In 2015–16, Drmic appeared in 31 games with 25 starts, averaging 13.4 points, 4.4 rebounds and 1.4 assists per game. He subsequently earned All-Mountain West Honorable Mention selection by the media. Drmic finished his college career as the school's all-time three-point record holder, the school's games record holder, two points shy of the school's all-time leading scorer, and at No. 5 on the Mountain West Conference all-time scoring list.

==Professional career==
On 5 May 2016, Drmic signed a two-year deal with the Adelaide 36ers of the National Basketball League. Drmic appeared in 27 games for the 36ers during the 2016–17 regular season and played an important role off the bench, averaging 14 minutes per game. He averaged 5.7 points and 3.4 rebounds per game, connecting on 45.2 percent of his field goal attempts. He led all rookies in scoring and rebounding, and as a result, he was named the recipient of the NBL Rookie of the Year Award. He became the fourth 36ers player to win the award, joining Mike McKay (1985), Chris Blakemore (1993) and Aaron Bruce (2009).

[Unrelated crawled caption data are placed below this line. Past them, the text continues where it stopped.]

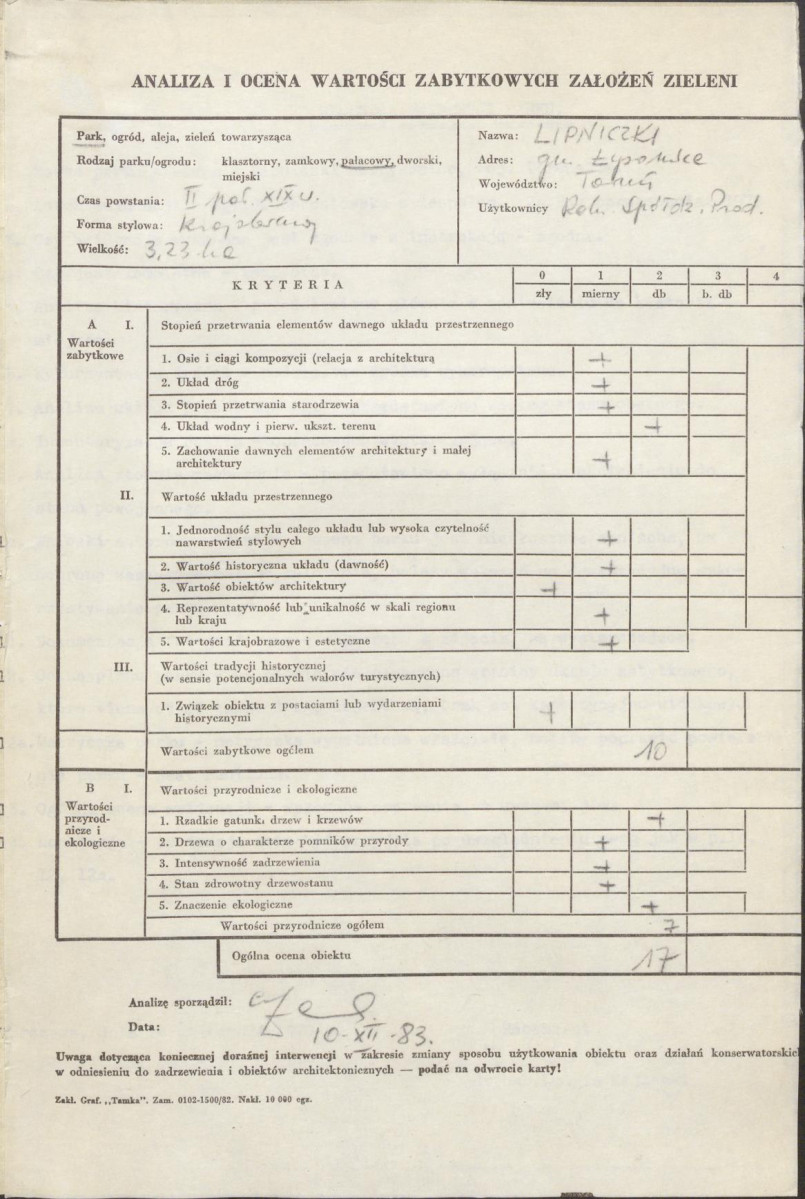 EP - Ewidencja parkowa, skan nr 3
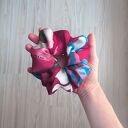 Jedwabna frotka scrunchie multicolor PRADA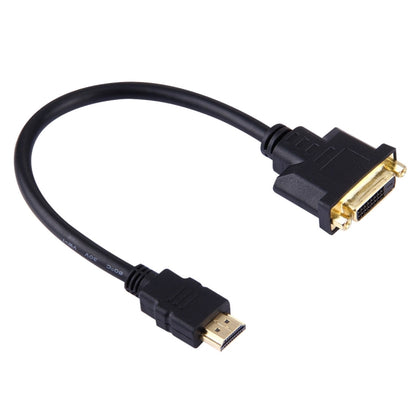 30cm HDMI Male to 24+1 DVI Female Adapter Cable -  by buy2fix | Online Shopping UK | buy2fix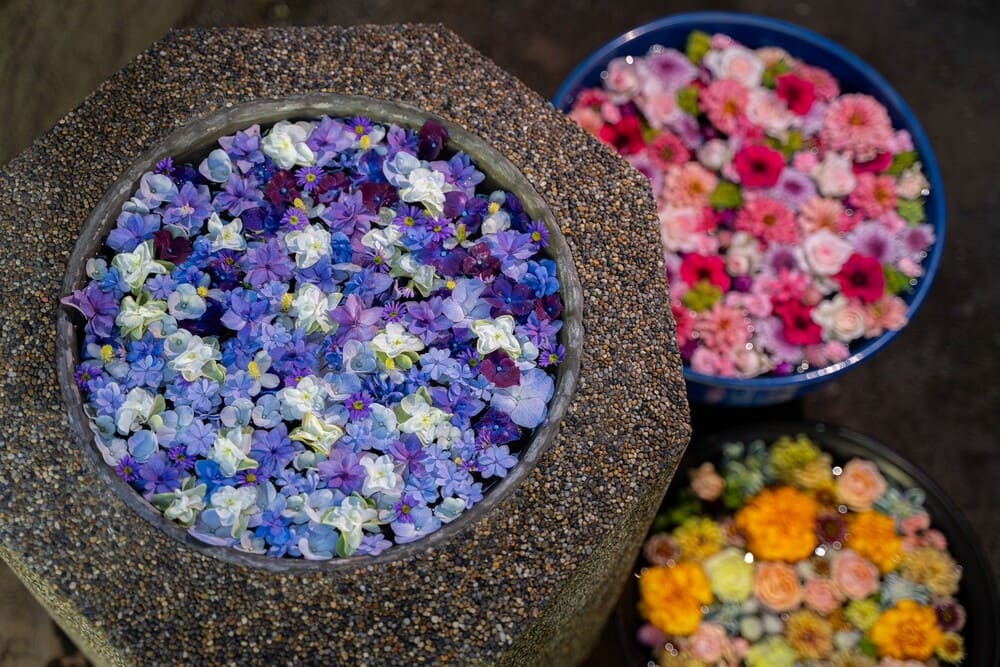 花手水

In March 2017, Drmic joined the Southern Tigers of the Premier League.

On 18 December 2017, Drmic was ruled out for three weeks after suffering a medial collateral ligament sprain in his left knee three days earlier playing against the New Zealand Breakers. In 28 games for the 36ers in 2017–18, he averaged 6.6 points and 2.7 rebounds per game.

On 23 February 2018, Drmic signed with the Dandenong Rangers for the 2018 SEABL season. He was named the SEABL Player of the Week for Round 3.

On 1 May 2018, Drmic re-signed with the 36ers on a two-year deal.

In May 2019, Drmic underwent surgery to relieve him of plantar fascia pain in both his feet, thus ending his 2019 Premier League season with the Southern Tigers.

Following his completed contract with the 36ers, on 15 July 2020 Drmic signed a two-year deal with the Brisbane Bullets.

On 26 May 2022, Drmic returned to the Adelaide 36ers on a one-year deal with a mutual option for a second season. Following the 2022–23 NBL season, he joined the West Adelaide Bearcats of the NBL1 Central for the 2023 season.

On 17 April 2023, Drmic signed with the Tasmania JackJumpers for the 2023–24 NBL season. Following the season, he re-joined the Bearcats for the 2024 NBL1 Central season, where he was the league's leading scorer with 25.11 points per game.

On 13 April 2024, Drmic re-signed with the JackJumpers for the 2024–25 NBL season. He averaged 8.1 points and 4 rebounds across 28 appearances. He then joined the Hobart Chargers of the NBL1 South for the 2025 season.

On 28 February 2025, Drmic re-signed with the JackJumpers for the 2025–26 NBL season. He was subsequently named vice captain. He was sidelined in November 2025 with a back injury. He re-joined the Chargers for the 2026 NBL1 South season.

On 8 July 2026, Drmic re-signed with the JackJumpers for the 2026–27 NBL season.

==National team career==
Drmic competed for Australia at the 2011 FIBA Under-19 World Championship, where he averaged 15.4 points per game in the nine matches and helped the Emus to a sixth-place finish.

==Personal life==
Drmic's older brother, Frank, played in the NBL with the South East Melbourne Magic, Victoria Titans, Sydney Kings and South Dragons between 1996 and 2007, winning a championship with the Magic in 1996.